» WORK ORDER
The required output consists solely of the lines from the line containing "Erkek Bebek Pijama" through the end of the records, copied exactly.

Records excerpted from a collection:
----

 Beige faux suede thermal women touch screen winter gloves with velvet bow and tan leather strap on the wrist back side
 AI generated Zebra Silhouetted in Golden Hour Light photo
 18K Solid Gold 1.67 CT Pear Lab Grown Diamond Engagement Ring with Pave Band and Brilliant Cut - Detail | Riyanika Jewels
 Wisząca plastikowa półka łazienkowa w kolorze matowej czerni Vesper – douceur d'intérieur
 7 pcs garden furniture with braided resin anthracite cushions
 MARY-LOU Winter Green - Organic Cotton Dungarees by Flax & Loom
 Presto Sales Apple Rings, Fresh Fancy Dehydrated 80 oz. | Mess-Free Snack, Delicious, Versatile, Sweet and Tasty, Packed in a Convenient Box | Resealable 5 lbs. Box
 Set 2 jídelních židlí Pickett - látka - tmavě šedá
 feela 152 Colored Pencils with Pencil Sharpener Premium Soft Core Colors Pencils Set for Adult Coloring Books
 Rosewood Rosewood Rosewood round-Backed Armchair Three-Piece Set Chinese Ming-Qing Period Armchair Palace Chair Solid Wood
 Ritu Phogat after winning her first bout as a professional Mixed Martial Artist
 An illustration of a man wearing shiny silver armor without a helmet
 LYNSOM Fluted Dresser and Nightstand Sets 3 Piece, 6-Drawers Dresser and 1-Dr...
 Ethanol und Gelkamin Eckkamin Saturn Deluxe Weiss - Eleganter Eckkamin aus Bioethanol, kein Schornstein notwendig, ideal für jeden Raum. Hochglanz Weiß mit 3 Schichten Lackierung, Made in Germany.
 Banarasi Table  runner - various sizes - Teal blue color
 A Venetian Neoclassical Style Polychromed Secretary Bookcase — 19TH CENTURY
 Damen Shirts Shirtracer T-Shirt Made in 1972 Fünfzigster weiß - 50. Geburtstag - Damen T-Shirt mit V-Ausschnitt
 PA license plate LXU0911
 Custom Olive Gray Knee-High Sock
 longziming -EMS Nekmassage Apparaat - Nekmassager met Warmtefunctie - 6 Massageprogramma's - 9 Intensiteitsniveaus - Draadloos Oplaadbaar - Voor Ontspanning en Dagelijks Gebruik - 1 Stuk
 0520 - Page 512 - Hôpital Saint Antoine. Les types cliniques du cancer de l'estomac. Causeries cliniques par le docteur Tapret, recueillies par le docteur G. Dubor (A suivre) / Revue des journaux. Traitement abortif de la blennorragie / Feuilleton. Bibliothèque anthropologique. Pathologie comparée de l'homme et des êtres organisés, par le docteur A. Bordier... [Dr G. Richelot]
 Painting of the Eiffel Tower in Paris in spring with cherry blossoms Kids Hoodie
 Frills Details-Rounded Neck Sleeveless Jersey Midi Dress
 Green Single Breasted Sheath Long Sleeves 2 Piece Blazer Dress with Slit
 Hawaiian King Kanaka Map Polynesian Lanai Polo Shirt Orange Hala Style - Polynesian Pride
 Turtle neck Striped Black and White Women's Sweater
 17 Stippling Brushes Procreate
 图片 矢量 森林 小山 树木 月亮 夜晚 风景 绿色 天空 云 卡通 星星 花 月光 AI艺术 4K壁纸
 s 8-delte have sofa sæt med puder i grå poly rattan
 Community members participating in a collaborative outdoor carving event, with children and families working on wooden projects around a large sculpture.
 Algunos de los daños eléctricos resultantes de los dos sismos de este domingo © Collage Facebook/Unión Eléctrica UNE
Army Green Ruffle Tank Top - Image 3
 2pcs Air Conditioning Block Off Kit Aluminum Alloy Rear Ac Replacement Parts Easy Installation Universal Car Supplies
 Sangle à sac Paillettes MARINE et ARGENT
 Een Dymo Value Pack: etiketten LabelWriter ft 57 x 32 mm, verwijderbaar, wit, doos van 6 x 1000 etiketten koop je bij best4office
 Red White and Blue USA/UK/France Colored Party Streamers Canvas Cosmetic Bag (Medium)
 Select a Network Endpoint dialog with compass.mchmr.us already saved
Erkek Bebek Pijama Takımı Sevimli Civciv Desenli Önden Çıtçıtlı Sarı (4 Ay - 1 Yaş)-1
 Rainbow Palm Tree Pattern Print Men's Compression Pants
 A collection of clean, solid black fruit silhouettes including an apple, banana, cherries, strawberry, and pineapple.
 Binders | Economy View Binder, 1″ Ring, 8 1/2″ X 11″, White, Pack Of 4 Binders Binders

----

» ANSWER
Erkek Bebek Pijama Takımı Sevimli Civciv Desenli Önden Çıtçıtlı Sarı (4 Ay - 1 Yaş)-1
 Rainbow Palm Tree Pattern Print Men's Compression Pants
 A collection of clean, solid black fruit silhouettes including an apple, banana, cherries, strawberry, and pineapple.
 Binders | Economy View Binder, 1″ Ring, 8 1/2″ X 11″, White, Pack Of 4 Binders Binders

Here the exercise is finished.